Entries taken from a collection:
§
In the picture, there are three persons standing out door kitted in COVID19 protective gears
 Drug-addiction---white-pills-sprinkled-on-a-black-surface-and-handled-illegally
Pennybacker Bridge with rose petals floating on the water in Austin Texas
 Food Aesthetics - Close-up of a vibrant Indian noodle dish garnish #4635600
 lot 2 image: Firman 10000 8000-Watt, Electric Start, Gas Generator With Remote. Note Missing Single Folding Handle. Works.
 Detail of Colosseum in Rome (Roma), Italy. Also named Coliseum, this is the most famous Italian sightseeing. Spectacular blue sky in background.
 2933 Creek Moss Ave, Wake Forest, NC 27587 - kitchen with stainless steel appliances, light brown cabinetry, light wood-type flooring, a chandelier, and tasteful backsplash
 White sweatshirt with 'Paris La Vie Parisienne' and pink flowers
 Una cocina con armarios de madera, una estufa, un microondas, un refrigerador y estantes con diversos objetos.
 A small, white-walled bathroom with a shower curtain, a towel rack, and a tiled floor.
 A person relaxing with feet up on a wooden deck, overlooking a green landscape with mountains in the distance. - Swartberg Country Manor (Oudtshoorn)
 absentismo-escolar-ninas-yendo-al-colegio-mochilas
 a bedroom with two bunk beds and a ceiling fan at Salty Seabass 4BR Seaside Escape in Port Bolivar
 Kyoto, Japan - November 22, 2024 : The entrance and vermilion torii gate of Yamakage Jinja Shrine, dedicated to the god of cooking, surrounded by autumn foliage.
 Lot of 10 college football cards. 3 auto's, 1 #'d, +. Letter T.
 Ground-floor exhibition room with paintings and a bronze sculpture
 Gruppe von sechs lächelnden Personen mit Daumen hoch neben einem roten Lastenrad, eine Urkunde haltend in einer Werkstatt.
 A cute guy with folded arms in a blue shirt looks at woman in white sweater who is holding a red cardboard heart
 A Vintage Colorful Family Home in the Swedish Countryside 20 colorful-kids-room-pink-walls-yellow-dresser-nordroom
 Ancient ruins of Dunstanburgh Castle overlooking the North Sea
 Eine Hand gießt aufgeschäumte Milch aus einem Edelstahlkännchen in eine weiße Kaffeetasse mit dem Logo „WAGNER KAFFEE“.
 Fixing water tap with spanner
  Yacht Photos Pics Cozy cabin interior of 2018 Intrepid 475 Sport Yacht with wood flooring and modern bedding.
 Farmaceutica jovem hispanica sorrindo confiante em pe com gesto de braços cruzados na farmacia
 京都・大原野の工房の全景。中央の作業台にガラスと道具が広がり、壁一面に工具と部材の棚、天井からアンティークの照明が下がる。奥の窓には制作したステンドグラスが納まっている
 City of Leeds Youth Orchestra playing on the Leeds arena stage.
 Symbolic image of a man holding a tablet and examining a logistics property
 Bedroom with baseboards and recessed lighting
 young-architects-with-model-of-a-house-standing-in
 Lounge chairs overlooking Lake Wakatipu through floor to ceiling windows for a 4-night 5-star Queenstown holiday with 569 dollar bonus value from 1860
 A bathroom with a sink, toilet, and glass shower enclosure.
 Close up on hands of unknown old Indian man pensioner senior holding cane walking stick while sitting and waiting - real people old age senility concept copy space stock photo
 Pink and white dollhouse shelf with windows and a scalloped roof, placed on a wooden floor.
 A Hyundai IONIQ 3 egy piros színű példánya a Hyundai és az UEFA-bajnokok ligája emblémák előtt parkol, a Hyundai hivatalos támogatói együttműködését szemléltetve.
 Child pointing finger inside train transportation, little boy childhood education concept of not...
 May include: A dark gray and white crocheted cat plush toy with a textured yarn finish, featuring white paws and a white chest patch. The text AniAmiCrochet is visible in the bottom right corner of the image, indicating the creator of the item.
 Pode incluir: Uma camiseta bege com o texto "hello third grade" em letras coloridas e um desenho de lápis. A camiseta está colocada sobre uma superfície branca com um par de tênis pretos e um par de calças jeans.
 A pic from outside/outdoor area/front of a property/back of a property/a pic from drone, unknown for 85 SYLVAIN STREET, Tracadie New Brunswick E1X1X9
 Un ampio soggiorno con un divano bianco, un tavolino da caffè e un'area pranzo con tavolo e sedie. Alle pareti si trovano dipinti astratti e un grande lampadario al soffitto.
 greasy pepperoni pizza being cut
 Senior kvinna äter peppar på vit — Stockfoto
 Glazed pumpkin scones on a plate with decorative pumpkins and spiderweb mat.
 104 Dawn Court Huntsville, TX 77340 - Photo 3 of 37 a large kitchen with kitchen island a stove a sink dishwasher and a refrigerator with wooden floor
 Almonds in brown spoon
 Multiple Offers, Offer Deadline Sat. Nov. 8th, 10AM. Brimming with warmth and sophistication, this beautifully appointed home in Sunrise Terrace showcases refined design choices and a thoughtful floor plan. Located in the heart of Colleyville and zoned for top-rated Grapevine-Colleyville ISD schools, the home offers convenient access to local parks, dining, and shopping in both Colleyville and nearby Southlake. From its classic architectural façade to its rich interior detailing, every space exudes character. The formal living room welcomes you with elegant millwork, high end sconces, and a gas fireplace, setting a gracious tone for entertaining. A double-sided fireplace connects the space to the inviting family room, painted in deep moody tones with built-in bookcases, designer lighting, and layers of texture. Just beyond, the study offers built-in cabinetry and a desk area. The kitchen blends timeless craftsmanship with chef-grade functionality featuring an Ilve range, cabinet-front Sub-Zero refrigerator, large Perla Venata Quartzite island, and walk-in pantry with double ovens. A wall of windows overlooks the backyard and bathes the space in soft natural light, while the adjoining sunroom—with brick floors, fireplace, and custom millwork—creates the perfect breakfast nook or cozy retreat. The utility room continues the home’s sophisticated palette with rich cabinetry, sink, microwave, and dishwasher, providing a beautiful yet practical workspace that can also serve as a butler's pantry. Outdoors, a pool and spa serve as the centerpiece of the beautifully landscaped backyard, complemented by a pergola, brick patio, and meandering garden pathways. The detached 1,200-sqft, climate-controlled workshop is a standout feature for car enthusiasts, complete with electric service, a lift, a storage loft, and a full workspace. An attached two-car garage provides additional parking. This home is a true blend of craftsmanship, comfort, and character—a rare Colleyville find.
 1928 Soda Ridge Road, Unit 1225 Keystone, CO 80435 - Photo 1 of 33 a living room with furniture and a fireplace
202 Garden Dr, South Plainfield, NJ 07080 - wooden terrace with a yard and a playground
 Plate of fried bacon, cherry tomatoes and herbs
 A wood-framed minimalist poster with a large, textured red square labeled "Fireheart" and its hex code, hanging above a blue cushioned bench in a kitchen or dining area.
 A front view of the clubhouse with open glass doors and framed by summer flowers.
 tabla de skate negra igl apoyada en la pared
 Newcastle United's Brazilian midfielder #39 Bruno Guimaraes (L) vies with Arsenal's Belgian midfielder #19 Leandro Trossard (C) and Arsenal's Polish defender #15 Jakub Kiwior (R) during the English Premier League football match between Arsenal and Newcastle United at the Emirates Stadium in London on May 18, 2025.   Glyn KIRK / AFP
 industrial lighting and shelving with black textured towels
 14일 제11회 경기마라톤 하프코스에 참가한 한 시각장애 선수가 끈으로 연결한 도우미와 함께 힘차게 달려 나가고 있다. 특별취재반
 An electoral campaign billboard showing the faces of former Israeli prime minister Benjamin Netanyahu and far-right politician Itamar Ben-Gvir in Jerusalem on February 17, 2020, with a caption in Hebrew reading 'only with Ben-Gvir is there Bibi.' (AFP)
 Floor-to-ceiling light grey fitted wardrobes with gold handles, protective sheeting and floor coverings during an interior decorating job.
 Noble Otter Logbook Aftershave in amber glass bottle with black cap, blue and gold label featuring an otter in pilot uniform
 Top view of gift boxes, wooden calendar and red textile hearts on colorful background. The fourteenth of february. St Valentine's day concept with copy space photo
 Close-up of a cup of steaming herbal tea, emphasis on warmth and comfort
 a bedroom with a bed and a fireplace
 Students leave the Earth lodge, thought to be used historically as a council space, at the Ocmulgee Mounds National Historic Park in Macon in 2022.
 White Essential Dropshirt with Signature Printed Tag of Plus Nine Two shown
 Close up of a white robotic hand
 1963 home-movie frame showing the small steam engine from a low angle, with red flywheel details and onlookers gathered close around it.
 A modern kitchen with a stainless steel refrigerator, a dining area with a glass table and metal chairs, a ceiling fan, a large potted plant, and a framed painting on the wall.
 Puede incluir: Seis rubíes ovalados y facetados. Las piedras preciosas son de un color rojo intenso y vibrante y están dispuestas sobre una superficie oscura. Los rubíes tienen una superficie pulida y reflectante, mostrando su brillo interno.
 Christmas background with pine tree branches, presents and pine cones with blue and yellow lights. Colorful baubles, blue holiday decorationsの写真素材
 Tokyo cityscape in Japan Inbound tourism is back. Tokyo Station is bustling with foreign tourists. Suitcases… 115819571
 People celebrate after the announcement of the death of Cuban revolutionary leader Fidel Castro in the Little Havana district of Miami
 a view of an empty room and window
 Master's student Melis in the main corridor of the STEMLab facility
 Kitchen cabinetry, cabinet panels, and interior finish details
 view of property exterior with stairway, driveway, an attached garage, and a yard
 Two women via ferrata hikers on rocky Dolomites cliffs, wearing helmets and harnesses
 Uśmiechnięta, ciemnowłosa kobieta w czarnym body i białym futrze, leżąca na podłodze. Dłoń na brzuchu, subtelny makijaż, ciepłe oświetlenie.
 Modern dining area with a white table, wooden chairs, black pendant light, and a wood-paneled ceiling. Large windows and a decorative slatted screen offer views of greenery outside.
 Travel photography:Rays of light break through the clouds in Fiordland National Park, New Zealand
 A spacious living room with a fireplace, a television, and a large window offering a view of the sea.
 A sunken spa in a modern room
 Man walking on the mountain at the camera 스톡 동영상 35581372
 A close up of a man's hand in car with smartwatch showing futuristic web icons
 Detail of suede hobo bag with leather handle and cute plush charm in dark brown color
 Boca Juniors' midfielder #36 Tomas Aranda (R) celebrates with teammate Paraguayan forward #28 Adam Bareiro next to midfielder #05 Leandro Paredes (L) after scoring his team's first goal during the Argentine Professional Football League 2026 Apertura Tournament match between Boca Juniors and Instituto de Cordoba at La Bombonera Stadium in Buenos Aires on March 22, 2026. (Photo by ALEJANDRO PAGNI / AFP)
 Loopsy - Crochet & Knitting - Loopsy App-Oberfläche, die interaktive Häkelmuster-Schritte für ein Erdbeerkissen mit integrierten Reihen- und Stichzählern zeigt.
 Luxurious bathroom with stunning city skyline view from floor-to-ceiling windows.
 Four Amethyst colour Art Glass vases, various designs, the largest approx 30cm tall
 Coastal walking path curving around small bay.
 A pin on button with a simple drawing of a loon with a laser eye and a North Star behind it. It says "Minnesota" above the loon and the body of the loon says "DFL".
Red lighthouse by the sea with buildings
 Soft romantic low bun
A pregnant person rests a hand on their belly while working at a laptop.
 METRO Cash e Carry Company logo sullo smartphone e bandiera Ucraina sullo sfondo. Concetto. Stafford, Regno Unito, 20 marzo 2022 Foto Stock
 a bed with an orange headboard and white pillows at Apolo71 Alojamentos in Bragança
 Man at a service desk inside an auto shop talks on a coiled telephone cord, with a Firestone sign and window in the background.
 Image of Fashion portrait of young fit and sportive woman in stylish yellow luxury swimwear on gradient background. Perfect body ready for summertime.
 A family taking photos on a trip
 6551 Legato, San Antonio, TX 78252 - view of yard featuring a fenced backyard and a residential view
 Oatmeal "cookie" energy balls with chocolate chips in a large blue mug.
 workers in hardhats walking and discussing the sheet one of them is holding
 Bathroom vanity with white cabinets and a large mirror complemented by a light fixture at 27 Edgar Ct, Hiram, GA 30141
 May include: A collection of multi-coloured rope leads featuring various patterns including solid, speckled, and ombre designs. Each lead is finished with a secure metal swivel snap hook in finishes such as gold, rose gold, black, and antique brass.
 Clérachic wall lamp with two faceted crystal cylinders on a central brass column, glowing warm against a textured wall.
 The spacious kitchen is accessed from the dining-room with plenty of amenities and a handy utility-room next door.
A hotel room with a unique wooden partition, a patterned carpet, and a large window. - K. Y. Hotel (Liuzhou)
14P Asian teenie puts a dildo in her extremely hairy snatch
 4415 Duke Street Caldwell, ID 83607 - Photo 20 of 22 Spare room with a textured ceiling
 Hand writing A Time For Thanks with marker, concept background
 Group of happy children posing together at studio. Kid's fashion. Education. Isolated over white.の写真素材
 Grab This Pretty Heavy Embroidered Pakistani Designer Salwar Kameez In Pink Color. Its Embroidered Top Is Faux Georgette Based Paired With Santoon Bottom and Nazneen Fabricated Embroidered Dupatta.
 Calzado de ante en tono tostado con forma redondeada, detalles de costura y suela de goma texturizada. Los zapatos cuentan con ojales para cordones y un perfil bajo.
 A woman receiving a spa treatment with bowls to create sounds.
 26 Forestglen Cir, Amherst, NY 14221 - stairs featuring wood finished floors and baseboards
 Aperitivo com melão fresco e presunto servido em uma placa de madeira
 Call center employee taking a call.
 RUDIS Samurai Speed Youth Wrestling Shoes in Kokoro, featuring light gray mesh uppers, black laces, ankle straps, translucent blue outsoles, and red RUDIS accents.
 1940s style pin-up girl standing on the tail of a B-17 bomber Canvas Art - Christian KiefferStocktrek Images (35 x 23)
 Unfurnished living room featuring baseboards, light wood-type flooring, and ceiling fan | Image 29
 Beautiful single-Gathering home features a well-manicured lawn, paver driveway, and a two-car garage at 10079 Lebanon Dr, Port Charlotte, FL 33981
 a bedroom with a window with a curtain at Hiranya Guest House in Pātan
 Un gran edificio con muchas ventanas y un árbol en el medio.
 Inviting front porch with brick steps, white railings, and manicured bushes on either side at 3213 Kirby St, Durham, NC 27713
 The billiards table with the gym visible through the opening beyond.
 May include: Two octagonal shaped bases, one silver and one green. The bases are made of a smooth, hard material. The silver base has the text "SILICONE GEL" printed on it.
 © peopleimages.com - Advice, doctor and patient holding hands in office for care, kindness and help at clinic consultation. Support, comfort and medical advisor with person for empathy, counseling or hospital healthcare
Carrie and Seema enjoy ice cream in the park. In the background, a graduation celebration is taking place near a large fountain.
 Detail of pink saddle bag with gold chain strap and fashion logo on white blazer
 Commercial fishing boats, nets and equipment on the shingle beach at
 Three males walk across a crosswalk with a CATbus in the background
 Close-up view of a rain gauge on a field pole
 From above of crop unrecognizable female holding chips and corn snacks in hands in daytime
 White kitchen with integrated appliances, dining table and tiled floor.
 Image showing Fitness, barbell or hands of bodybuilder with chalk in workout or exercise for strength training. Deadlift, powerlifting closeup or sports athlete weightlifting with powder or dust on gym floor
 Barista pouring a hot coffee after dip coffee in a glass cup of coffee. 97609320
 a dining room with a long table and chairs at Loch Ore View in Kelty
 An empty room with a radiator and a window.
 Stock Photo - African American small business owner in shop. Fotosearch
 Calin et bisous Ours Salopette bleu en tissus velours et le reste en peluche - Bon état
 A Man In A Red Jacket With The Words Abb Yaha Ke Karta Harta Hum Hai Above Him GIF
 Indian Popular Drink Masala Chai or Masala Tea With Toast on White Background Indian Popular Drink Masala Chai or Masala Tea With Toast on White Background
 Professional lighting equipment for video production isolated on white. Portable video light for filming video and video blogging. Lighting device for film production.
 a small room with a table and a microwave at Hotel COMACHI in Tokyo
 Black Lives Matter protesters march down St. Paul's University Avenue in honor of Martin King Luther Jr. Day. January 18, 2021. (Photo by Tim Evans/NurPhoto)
§
Aim of the task:
Only lines of the data holding the word "type" go in the answer. Please copy each of them.

Final answer:
 2933 Creek Moss Ave, Wake Forest, NC 27587 - kitchen with stainless steel appliances, light brown cabinetry, light wood-type flooring, a chandelier, and tasteful backsplash
 Unfurnished living room featuring baseboards, light wood-type flooring, and ceiling fan | Image 29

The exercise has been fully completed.